Offenbar gehört Christian Wulff zu jener
Politiker-Sorte, die Probleme mit der Bodenhaftung haben. Ein
günstiger Privatkredite, von einem Unternehmerhaushalt gönnerhaft
genehmigt? Kein Problem. Ein fast geschenkter Bankkredit? Normal.
Ferien in Villen von Wirtschaftsgrößen? Man gönnt sich ja sonst
nichts. Im Flieger ein kostenloser Wechsel von der Holz- in die
Luxusklasse? Kann jedem mal passieren. Als VIP sowieso, scheint
Wulffs Gefühlslage zu sein.
Der Otto-Normal-Bürger staunt – vor allem im Hinblick auf eigene
Erfahrungen. Die Sparkasse langt beim Kredit kräftig zu, Freunde
haben selber kein Geld. Beim Ferienflug kann es einen schon auf den
Notsitz verschlagen. Man lebt trotzdem. Deshalb stellt sich in der
Affäre Wulff auch nicht die Neidfrage. Es geht um etwas anderes, um
Abgehobenheit.
Wulff hat es geschafft, sich vom größten Teil der Deutschen zu
entfernen. Der Versuchung erlag er bereits als niedersächsischer
Ministerpräsident. Wulff verdrängte wohl, dass er Vertreter aller
Bürger sein sollte und nicht nur Landeschef für eine Reichenclique.

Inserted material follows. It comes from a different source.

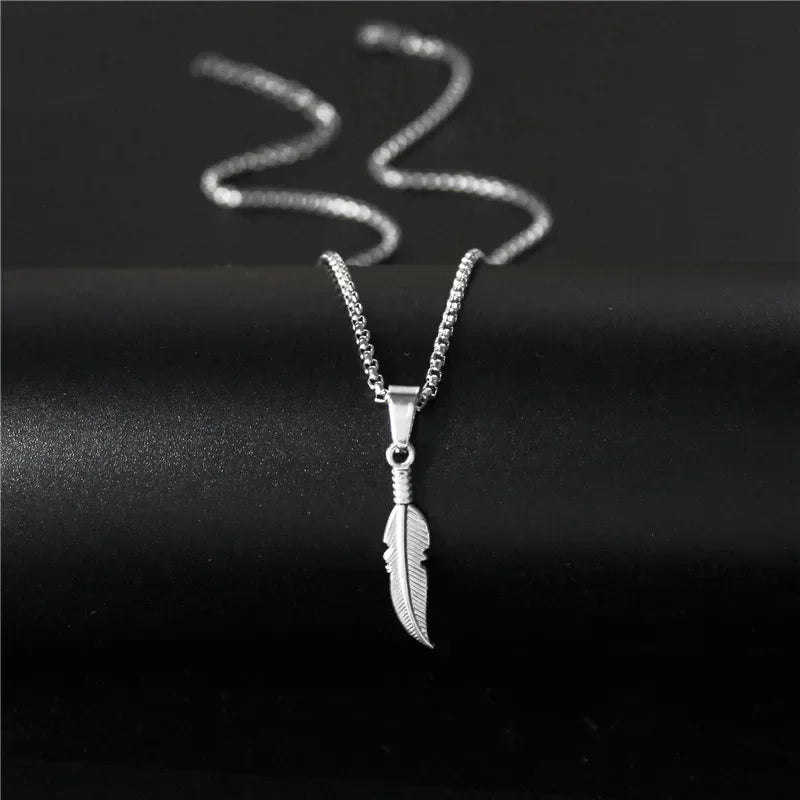 Silver Feather Necklace and Pendant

Mit solchen Politikertypen können sich viele Menschen immer weniger
identifizieren. Dies macht Wulff und Co. letztlich zu einer Gefahr
für die Demokratie.
Das ungute Gefühl im Zusammenhang mit seiner Person wurde gestern
verstärkt. Seine persönliche Erklärung wäre nur akzeptabel gewesen,
wenn er Konsequenzen gezogen hätte. Aber nein, zwei Wochen nach dem
Aufkommen der Affäre entschuldigt er sich gerade mal für
Irritationen, die durch ihn verursacht worden seien. Wulff erweckt
den Eindruck, als sei alles nur ein Missverständnis, hervorgerufen
durch ungeschickte PR-Arbeit. Und als Bauernopfer geht sein
Pressesprecher. Unverfroren, aber wenig erstaunlich. Immerhin hat er
durch sein früheres Handeln gezeigt, dass ihm die Sensibilität dafür
fehlt, was als hoher Politiker statthaft ist oder nicht. Eigentlich
wäre Wulff jetzt als Präsident fällig. Frei von Amtspflichten könnte
er sich unbefangen mit Unternehmerfreunden abgeben.